Los documentos de la Organización para la Cooperación y el Desarrollo Económicos (OCDE), por ejemplo, comenzaron a reflejar la importancia de la legitimidad en la construcción del Estado para asegurar un gobierno por consentimiento en lugar de por coerción, al identificar cuatro fuentes proveedoras principales: la de los insumos o procesos, entendida como la observancia por parte del Estado de las reglas y los procedimientos acordados para tomar decisiones vinculantes y organizar la participación colectiva; la de producción o desempeño, referida a la percepción social acerca de la efectividad de los servicios prestados por el Estado a la sociedad; las creencias compartidas sobre lo que debe ser la autoridad pública, permeadas por la tradición y la historia de las identidades colectivas; y la legitimidad internacional, derivada del reconocimiento conferido por los actores externos a la soberanía y la legitimidad de ese Estado (OCDE 2011, 36-37).

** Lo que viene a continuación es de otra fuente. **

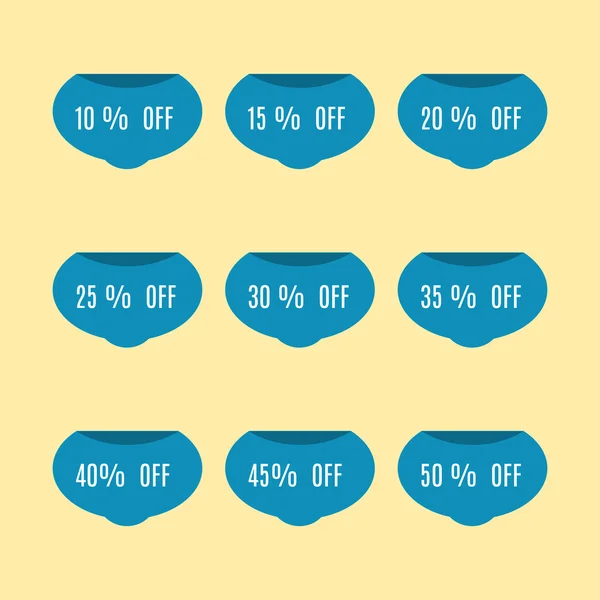 Set of discount labels, vector illustration. — Stock Vector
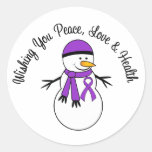 Christmas Snowman Leiomyosarcoma Ribbon stickers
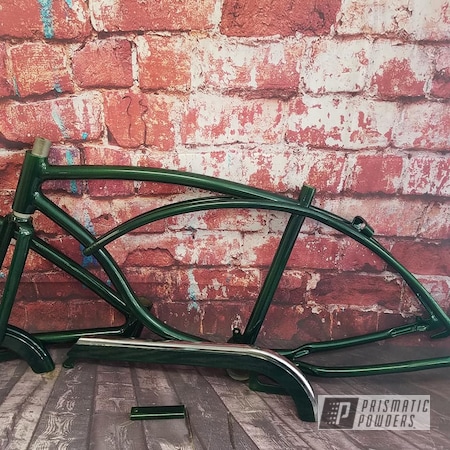 Powder Coating: Illusion Moss PMB-6914,Bicycles,Clear Vision PPS-2974,Bike Frame,Bicycle Frame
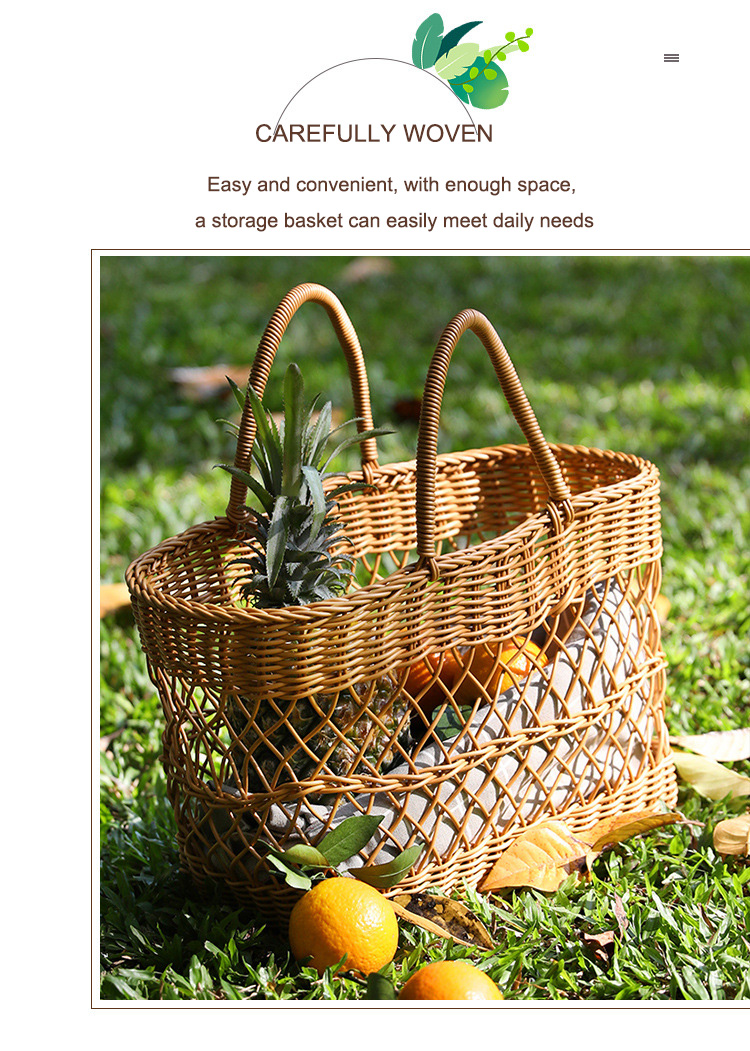 Imitation rattan woven portable picnic basket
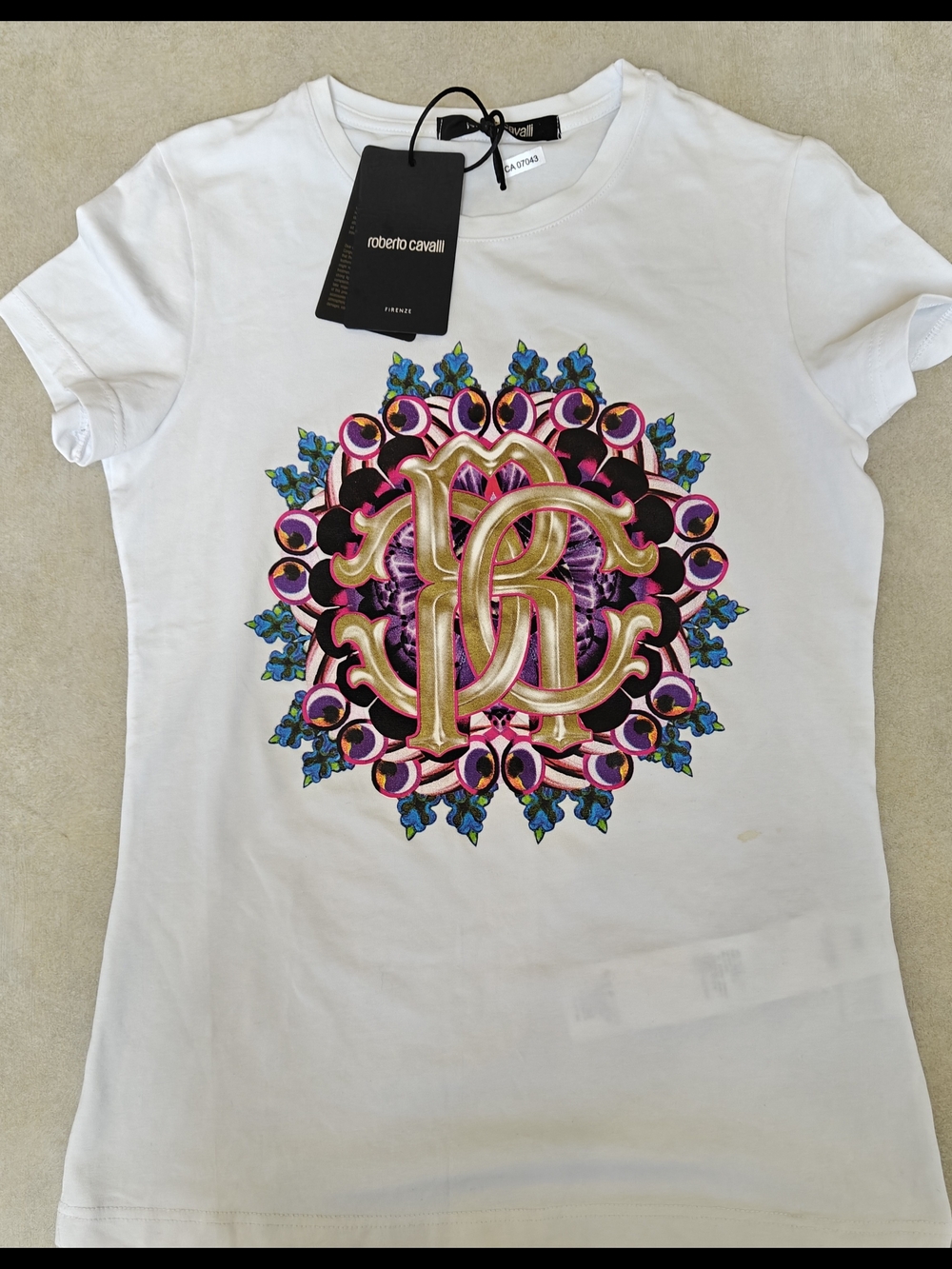 Roberto Cavalli White Tee with Multicolor Gold Monogram Medallion
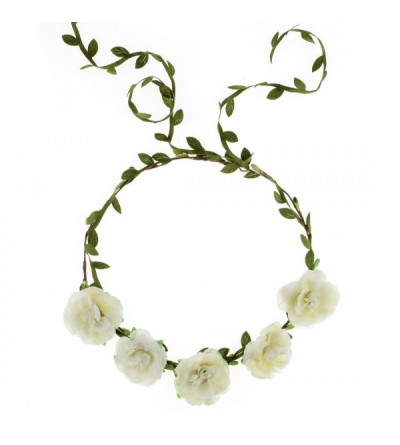 Headbands Flower Crown Floral Wreath Headband Floral Garland Headbands for Festival Wedding Party (beige/A) - beige/A - CG18E...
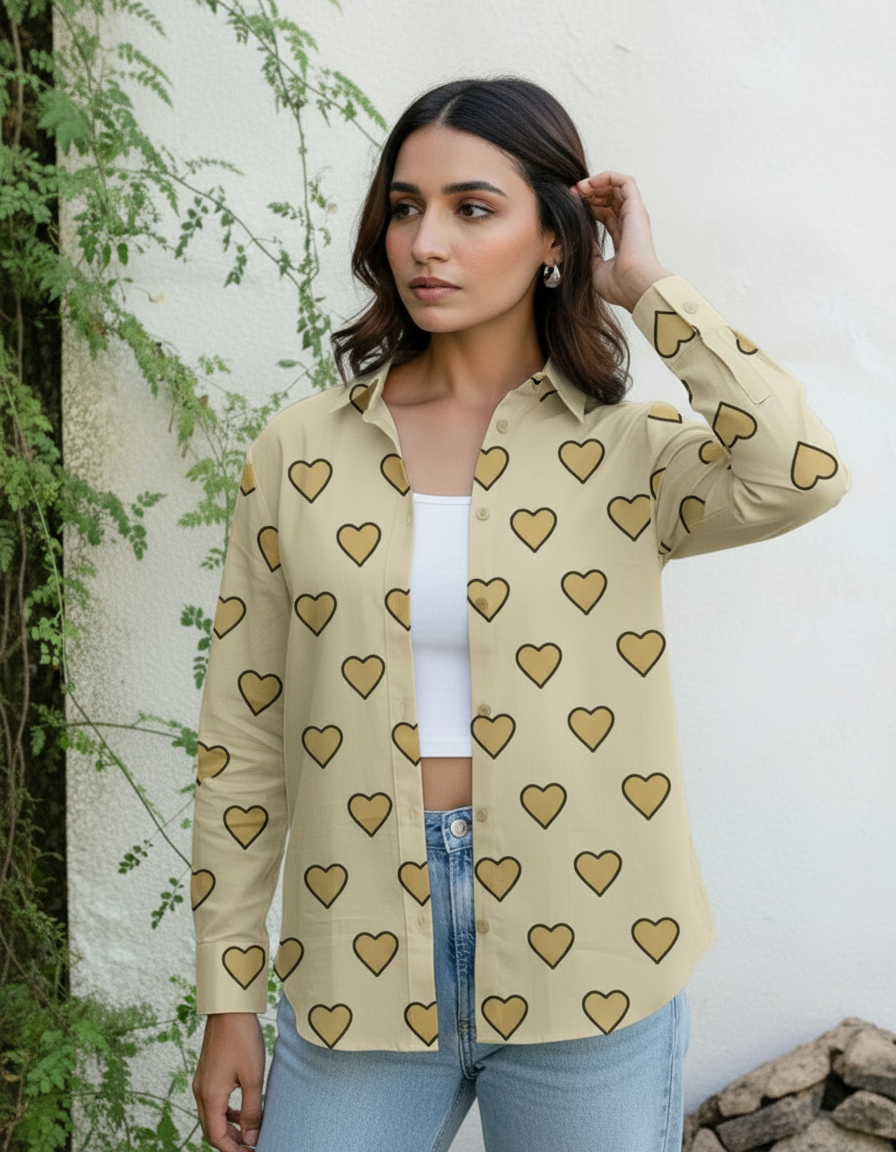 Beige Heart Print Button-Down Shirt for Women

La inclusión de estas cuestiones constituía una señal de alerta para la corrección de las políticas de state-building de arriba abajo, pero las referencias generales resultaron en la práctica poco orientadoras y muchas veces generaban más preguntas que respuestas acerca de la dinámica relacional de las variables utilizadas. Se advirtió la relevancia de comprender los vínculos entre legitimidad y capacidad del Estado, en el supuesto de que ambas pueden fortalecerse entre sí, aunque poco se profundizó en la complejidad de esos vínculos en escenarios híbridos. La legitimidad internacional podía ejercer una influencia ambivalente como factor promotor u obstaculizador de la legitimidad interna, pero las circunstancias intervinientes en uno u otro sentido tampoco se abordaron suficientemente. De igual forma se asumió que en los órdenes híbridos había diferentes fuentes de legitimidad que interactuaban y competían, lo que llevó a la conclusión lógica de que, mientras más enfrentamiento hubiera en las narrativas de legitimidad, menos serían las posibilidades de una relación Estado-sociedad sostenible. Todos esos enunciados, pese a introducir modificaciones en la manera de diseñar las políticas de state-building, compartían el sesgo de construir generalizaciones superficiales y poco prácticas sobre aspectos complejos de la hibridación con el fin de generar nuevos presupuestos normativos para enfrentar realidades diversas y que, en el fondo, seguían siendo ignoradas o poco conocidas, como reconocen los propios expertos de la OCDE (2011, 38): “Estos son temas [las fuentes internas de legitimidad] muy difíciles de comprender para los foráneos, y mucho menos para influir constructivamente”.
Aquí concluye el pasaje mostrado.